© JUNGE FREIHEIT Verlag GmbH & Co.  www.jungefreiheit.de  06/11 04. Februar 2011

Der Abtrünnigkeit folgte das Strafgericht
Vor 150 Jahren vollzogen die ersten Südstaaten die Sezession und gründeten die „Konföderierten Staaten von Amerika“
Jan von Flocken

Der Süden tat den ersten Schuß. Am 12. April 1861 feuerten Geschütze auf die Bundesfestung Fort Sumter im Hafen von Charleston (South Carolina). Damit war durch einen feindseligen Akt der bis 1865 tobende Bürgerkrieg in Nordamerika entfesselt. So steht es in vielen Geschichtsbüchern.
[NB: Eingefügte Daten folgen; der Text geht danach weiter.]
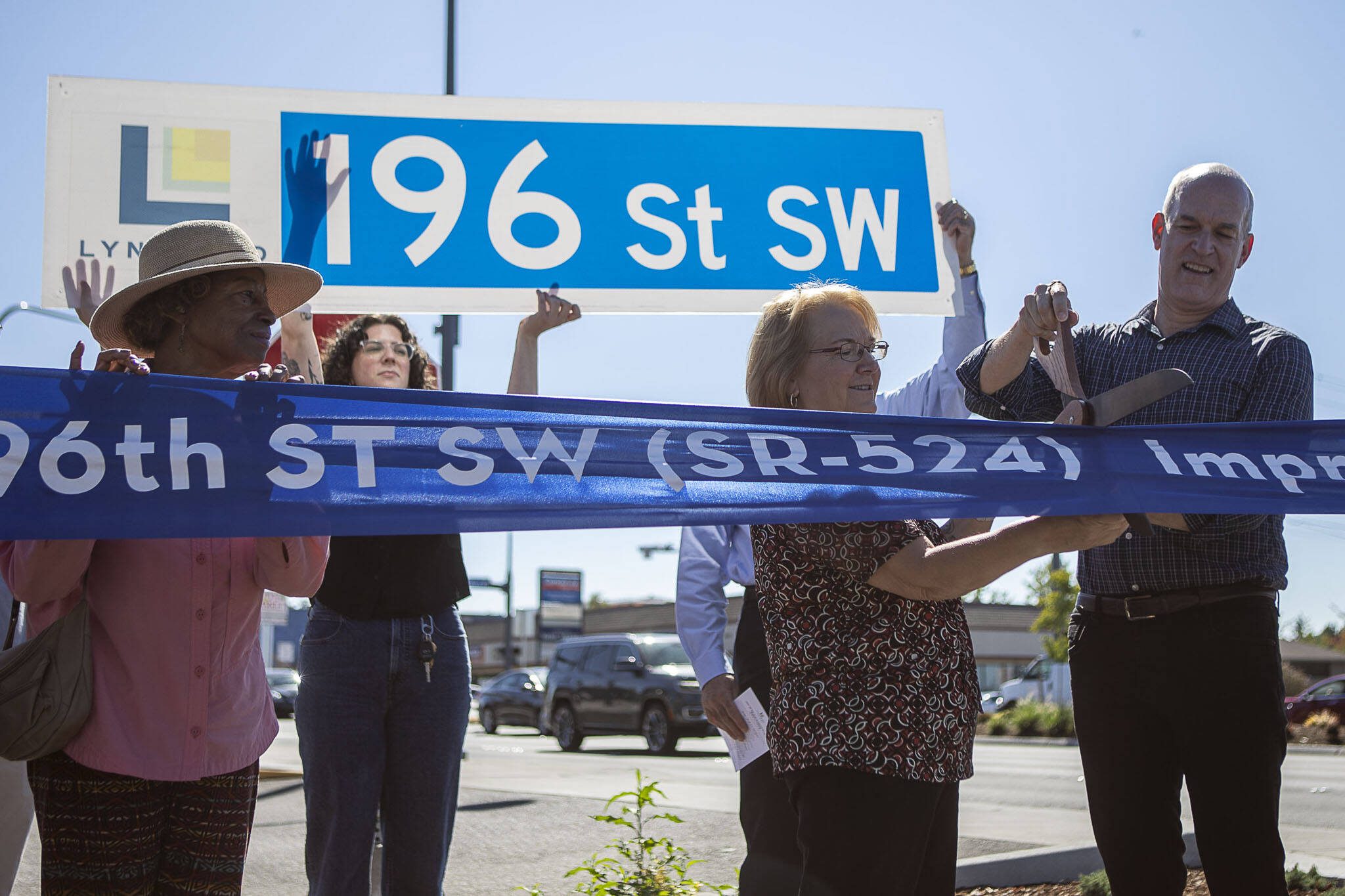 Lynnwood Mayor Christine Frizzell, second from right, and Rep. Rick Larsen, right, cut a ribbon during a ceremony to celebrate the completion of the 196th Street SW Improvement Project near the 196th and 44th Ave West intersection in Lynnwood, Washington on Tuesday, Aug. 15, 2023. (Annie Barker / The Herald)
Und weil bis heute Sieger die Historie schreiben, ist auch dies eine subtile Verdrehung von Ursache und Wirkung, von Aktion und Reaktion.

Tatsache bleibt, daß der Bundesstaat South Carolina im Dezember 1860 seinen Austritt aus den „Vereinigten Staaten von Amerika“ erklärt hatte. Dies erfolgte aufgrund eines Beschlusses des Staatsparlaments einstimmig mit 169 Stimmen und stand im Einklang mit der US-Verfassung von 1787. Während der folgenden fünf Wochen vollzogen weitere Bundesstaaten des Südens diesen Schritt: Mississippi, Florida, Alabama, Georgia, Louisiana und Texas. Die gewählten Volksvertreter dieser Staaten trafen sich am 4. Februar 1861 in Montgomery (Alabama) und erarbeiteten eine Verfassung der „Konföderierten Staaten von Amerika“ (CSA), die große Ähnlichkeit mit der alten US-Konstitution aufwies. Zum Präsidenten wählte man am 9. Februar den Senator von Mississippi Jefferson Davis. Dieser profilierte Politiker mit militärischer Erfahrung bildete zehn Tage später sein Kabinett. Finanzminister wurde übrigens Christoph G. Memminger, Einwanderer aus dem württembergischen Vaihingen.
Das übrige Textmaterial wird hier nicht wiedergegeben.